* _Task statement_
The lines below, from the one containing "2018 AUDI Q7 quattro Prestige" through the one containing "Apartment in Ascona, Ticino, Switzerland", should be set down exactly, with no pictures and nothing else.

* _Dataset entries_
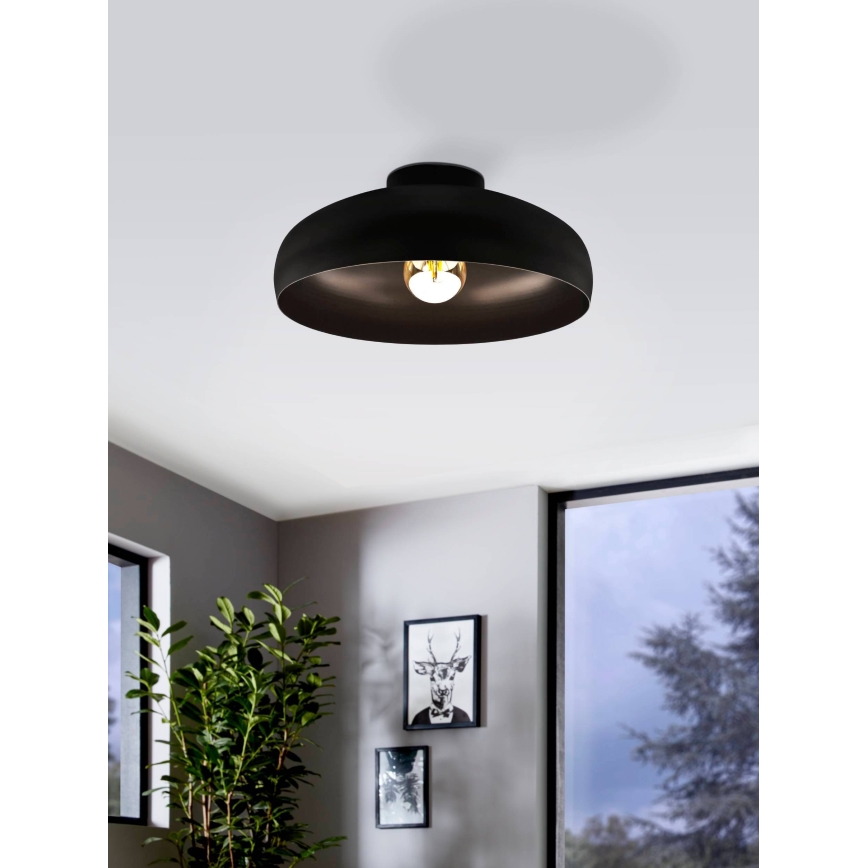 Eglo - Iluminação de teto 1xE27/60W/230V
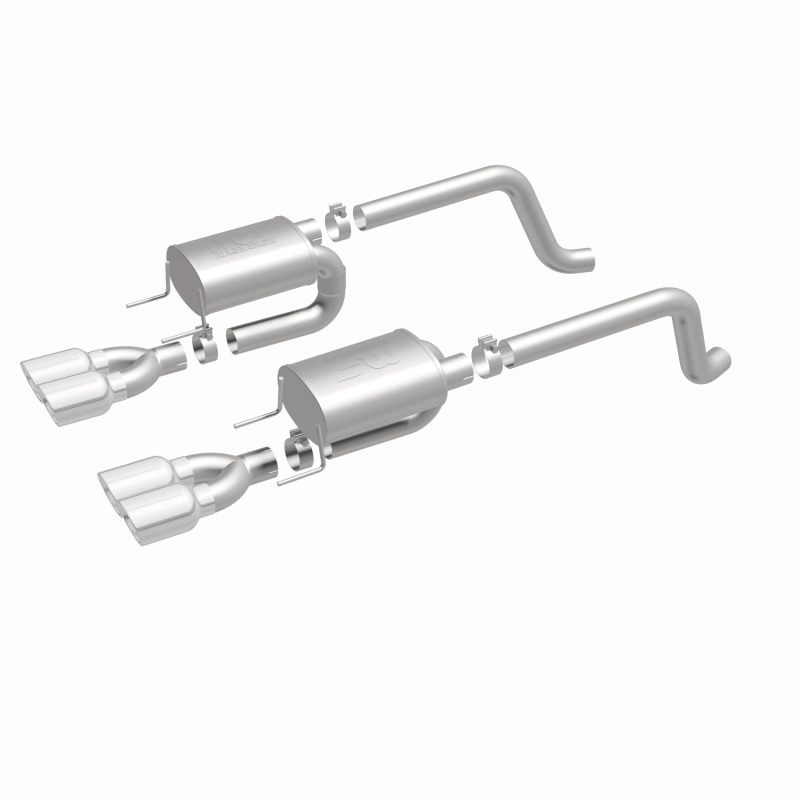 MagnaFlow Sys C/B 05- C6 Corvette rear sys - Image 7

...

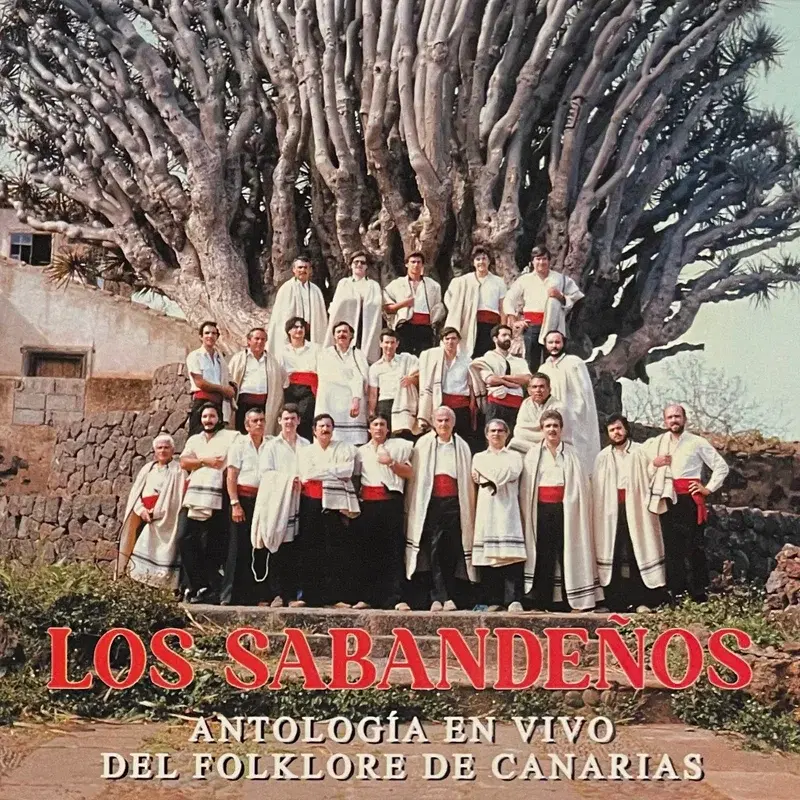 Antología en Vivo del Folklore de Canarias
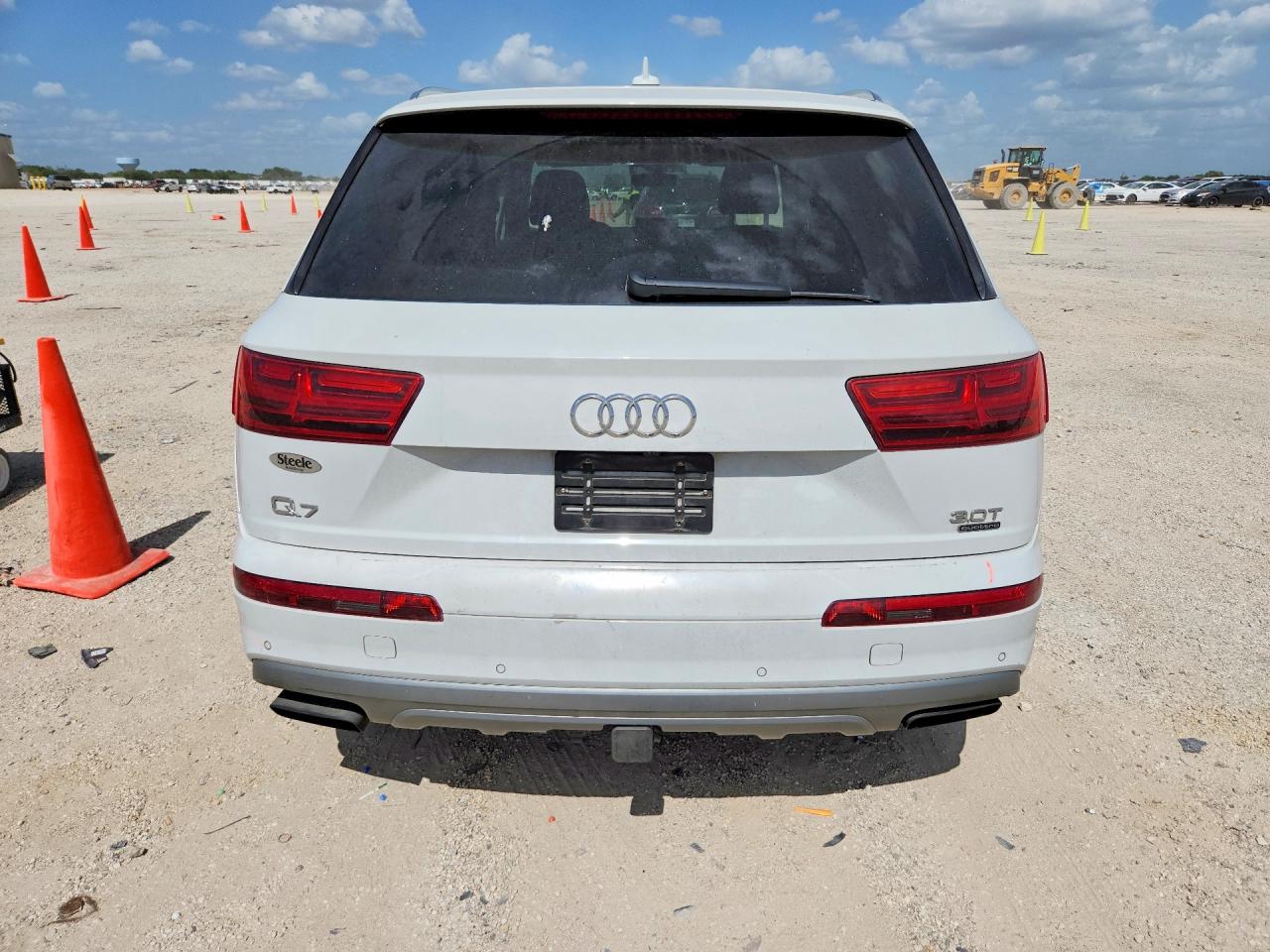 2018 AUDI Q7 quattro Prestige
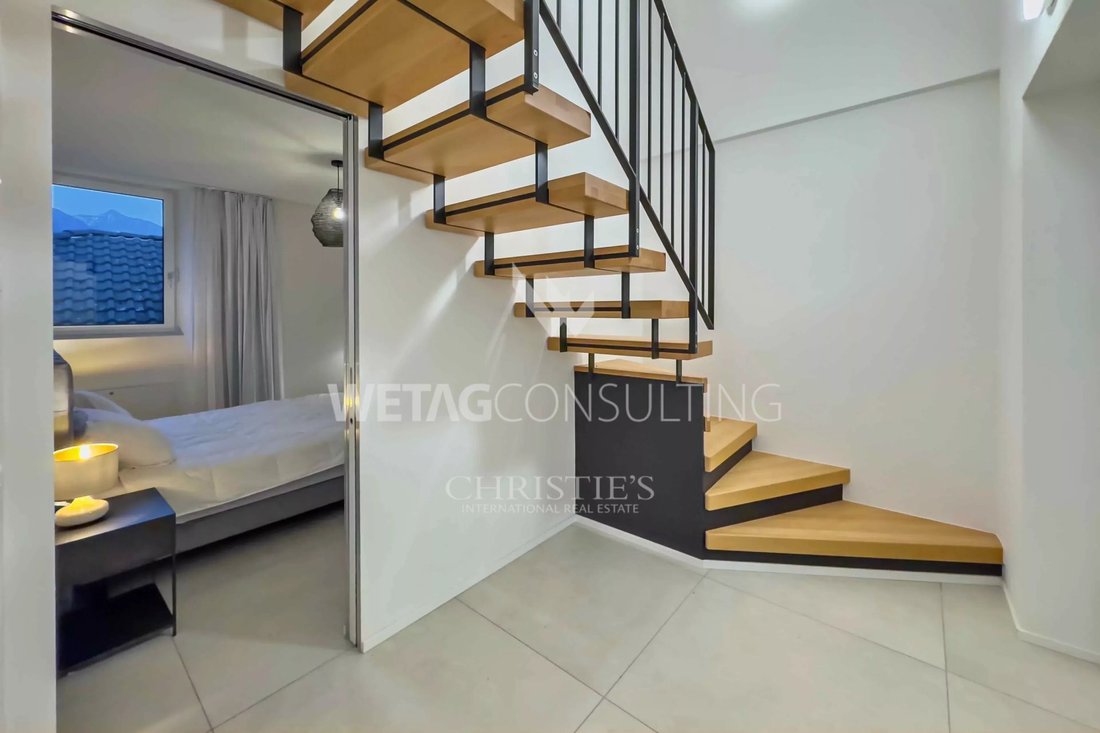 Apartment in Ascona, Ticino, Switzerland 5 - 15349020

==

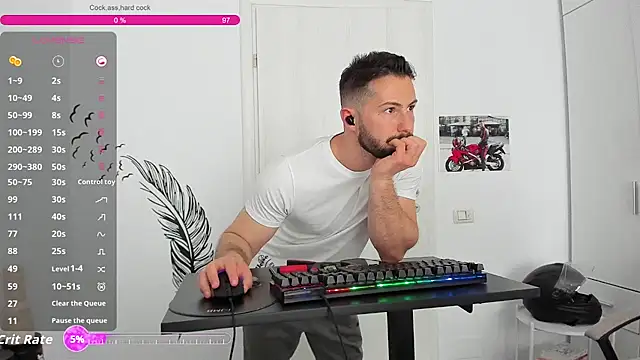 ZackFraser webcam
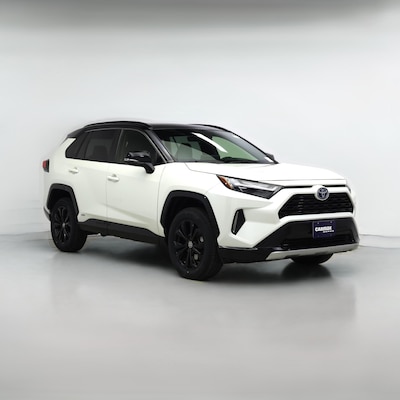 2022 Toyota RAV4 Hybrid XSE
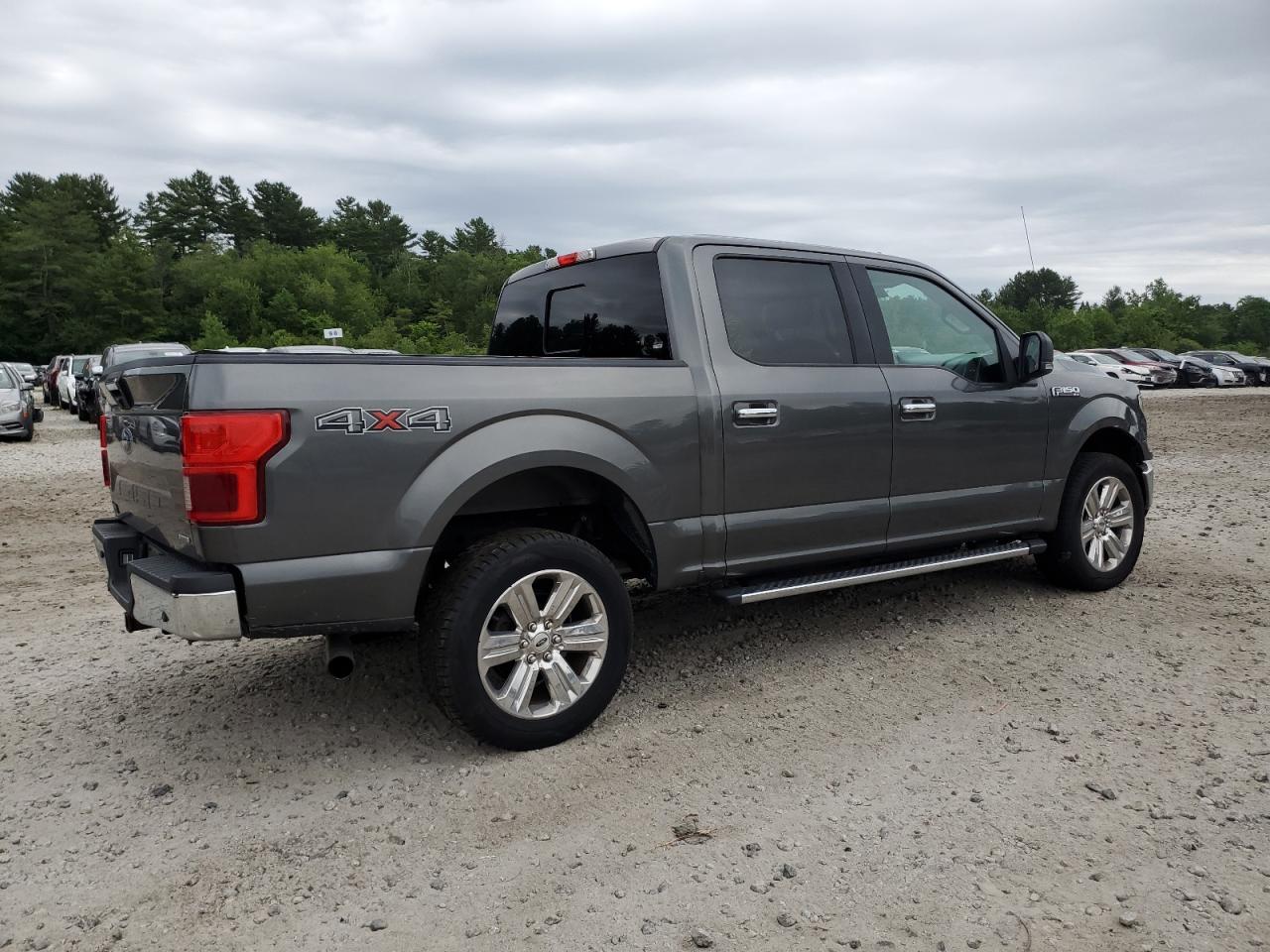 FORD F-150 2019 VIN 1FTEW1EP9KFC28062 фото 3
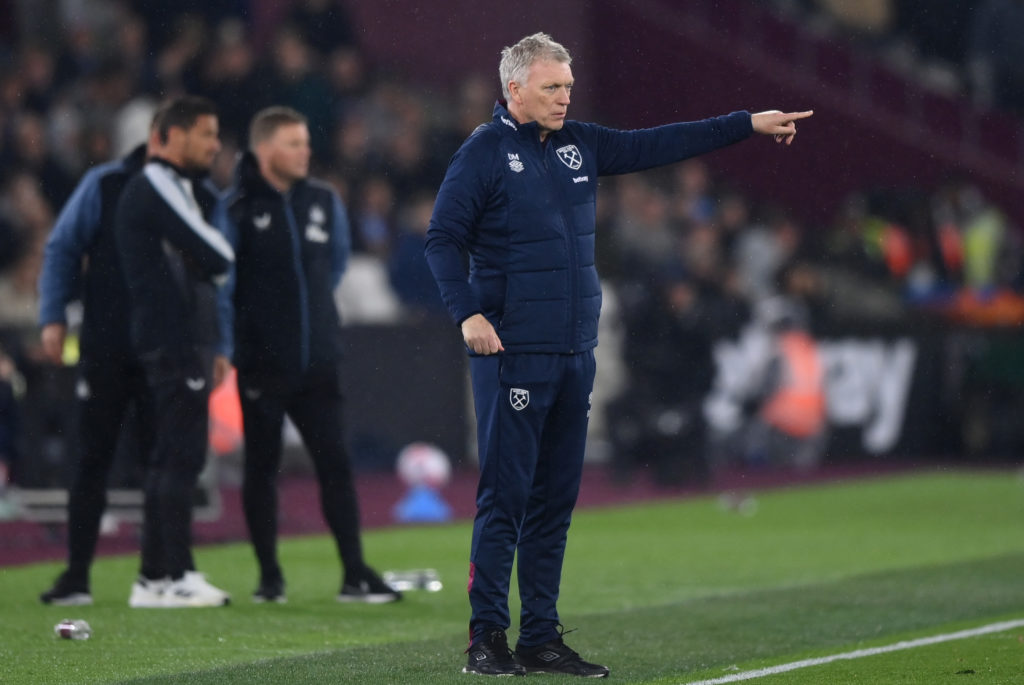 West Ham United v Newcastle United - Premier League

* _Output of the task_
 2018 AUDI Q7 quattro Prestige
 Apartment in Ascona, Ticino, Switzerland 5 - 15349020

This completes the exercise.